Je serais un peu plus nuancé sur ce sujet. Je ne sais pas si on peut dire que les sociétés pré- ou non-industrielles ne sont pas capitalistes ; ça dépend déjà en partie de comment on définit le capitalisme : accumulation du capital ou aliénation du capital. Mais dans la société non-industrielle au sein de laquelle j'ai vécu et avec laquelle je travaille (ici https://www.openstreetmap.org/#map=14/-16.41591/167.77419), je vois des formes d’appropriation et d’aliénation via la propriété privée ou linéaire du foncier et des biens culturels. Ces sociétés pratiquent également la limitation des pratiques culturelles via l'appropriation de l'autorat et de la production des œuvres de l'esprit. Par exemple, le droit de conter certaines histoires ou de pratiquer certains motifs peut être possédé par des linéages précis. Et ces histoires, qu’un étranger classerait comme mythe, légende ou conte, sont perçues localement comme l'Histoire.
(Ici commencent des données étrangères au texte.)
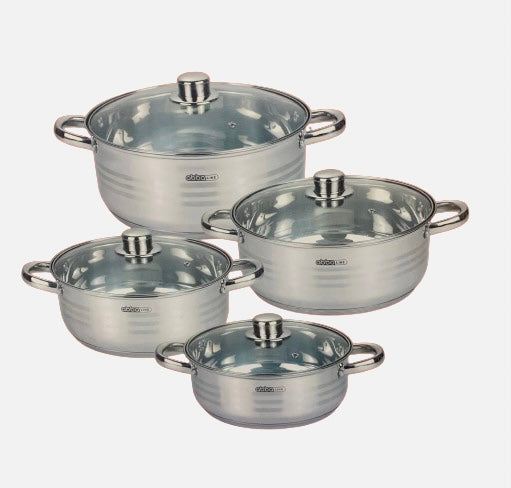 Batería de cocina de 4 Ollas en acero inoxidable para todo tipo de cocina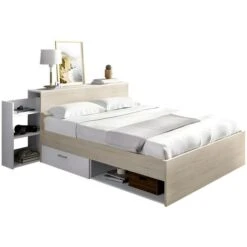 Letto Con Testata Vani Portaoggetti E Cassetti 140 X 190 Cm Naturale E Bianco - FLORIAN 9 Letto Con Testata Vani Portaoggetti E Cassetti 140 X 190 Cm Naturale E Bianco - FLORIAN -LettoMania Italia 59970237 4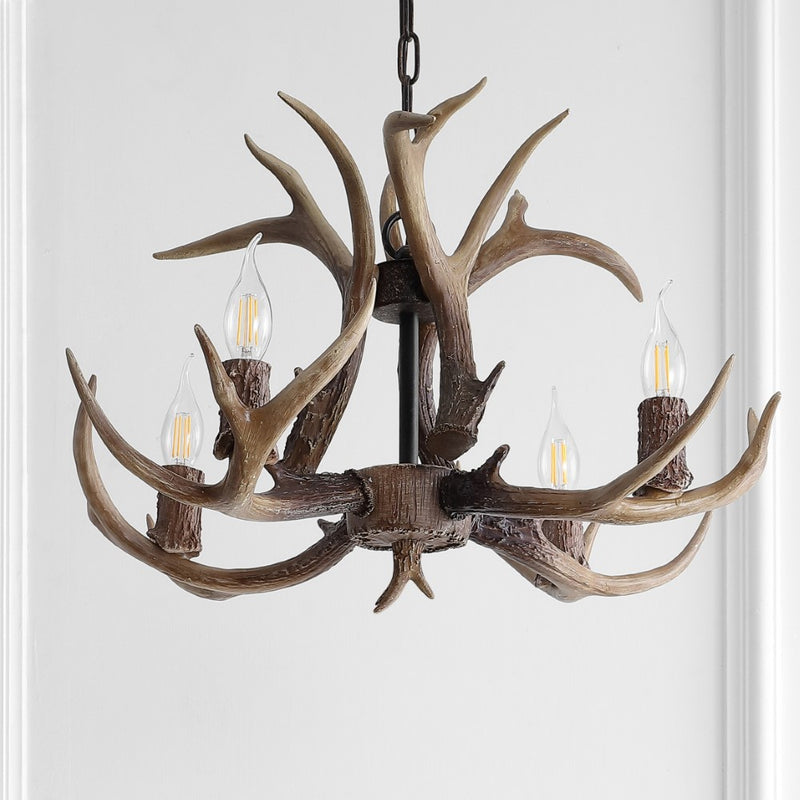 Eldora Rustic Resin Antler Chandelier with Adjustable LED Lighting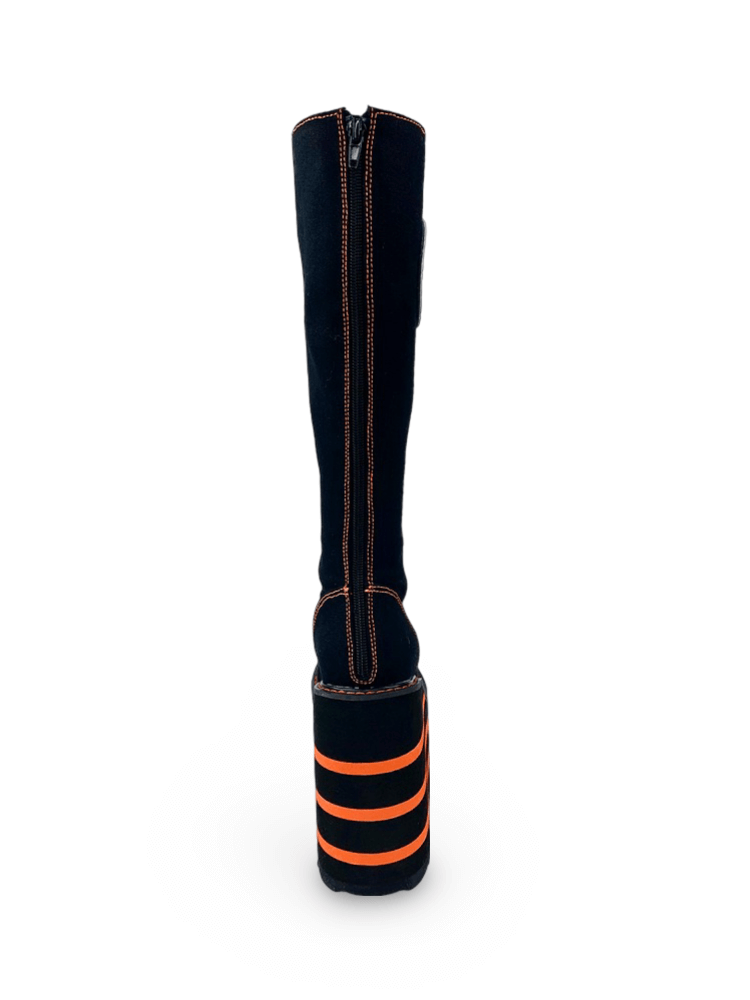 YRU Black and Orange Platform Knee Boots with Pumpkin Patch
Et ça a des conséquences très fortes. Travaillant à un dictionnaire culturel avec les vieux d'un village là-bas, je n'ai pas pu documenter certains sujets car les explications liées à ceux-ci sont privées et les vieux concernés ne souhaitaient pas les divulguer publiquement. Et je sais que ça a attristé de nombreux membres de cette communauté, car pour ces derniers, c'est vécu comme une partie de leur identité qui est possédée par des vieux et protégée par un tabou/droit linéaire.
Bref, je ne sais pas si le droit d’auteur est lié au capitalisme, car peut-être que l'on peut considérer ces personnes capitalistes d'une certaine manière, mais clairement, ce n'est pas une invention nécessairement liée au capitalisme industriel.
De manière générale, je n’aime pas trop les gros concepts fourre-tout comme capitalisme, patriarcat, fascisme, car finalement, on y met tout et n'importe quoi, aussi bien comme cause que comme effet. Finalement, je trouve que ces concepts, surtout qu'ils sont souvent simplement acceptés comme tels, n’aident pas à expliquer quoi que ce soit et qu’on ferait mieux de s’en passer pour mieux discuter.
Et pour débattre un peu : de mon côté, si je vois plein de problèmes et de limites aux différentes formes d'IA, mais actuellement, je dois avouer que ça m’aide énormément à résoudre des problèmes que je n’arrivais pas à résoudre auparavant. Ça m’énerve un peu les gens qui réduisent l'IA à une hype, car je trouve ça tellement utile pour coder, surtout probablement en tant que mauvais codeur.